%%

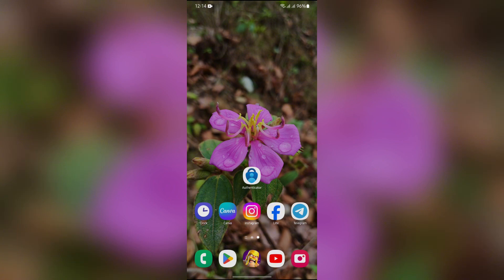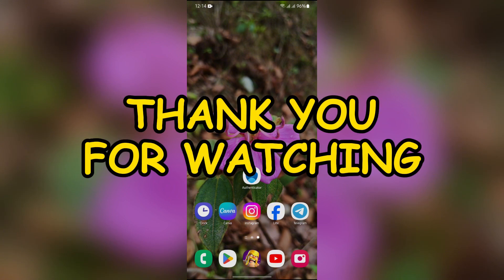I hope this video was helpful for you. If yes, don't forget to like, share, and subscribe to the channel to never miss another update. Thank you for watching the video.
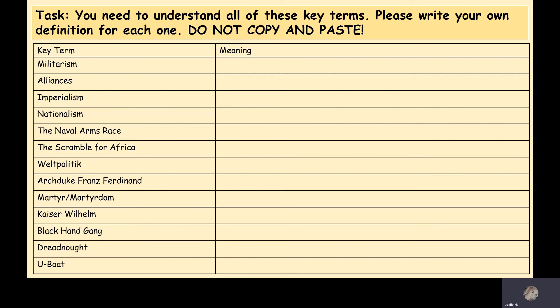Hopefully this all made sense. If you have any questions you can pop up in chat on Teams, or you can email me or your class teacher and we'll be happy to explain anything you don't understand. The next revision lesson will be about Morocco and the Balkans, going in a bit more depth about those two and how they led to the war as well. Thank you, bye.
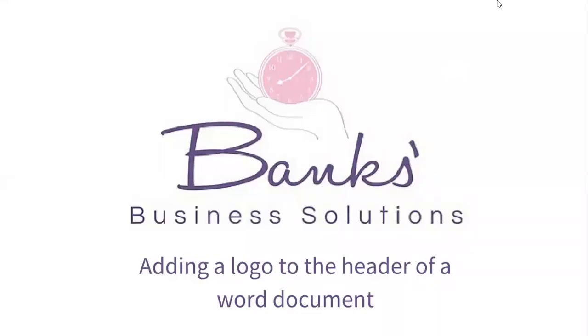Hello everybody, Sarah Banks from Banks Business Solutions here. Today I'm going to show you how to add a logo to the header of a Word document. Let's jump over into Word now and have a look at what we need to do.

%%

Task
Using the listing above, copy exactly the lines from the one that contains "Hopefully this all" through its last line, both included, but not the pictures.

Written answer
Hopefully this all made sense. If you have any questions you can pop up in chat on Teams, or you can email me or your class teacher and we'll be happy to explain anything you don't understand. The next revision lesson will be about Morocco and the Balkans, going in a bit more depth about those two and how they led to the war as well. Thank you, bye.
Hello everybody, Sarah Banks from Banks Business Solutions here. Today I'm going to show you how to add a logo to the header of a Word document. Let's jump over into Word now and have a look at what we need to do.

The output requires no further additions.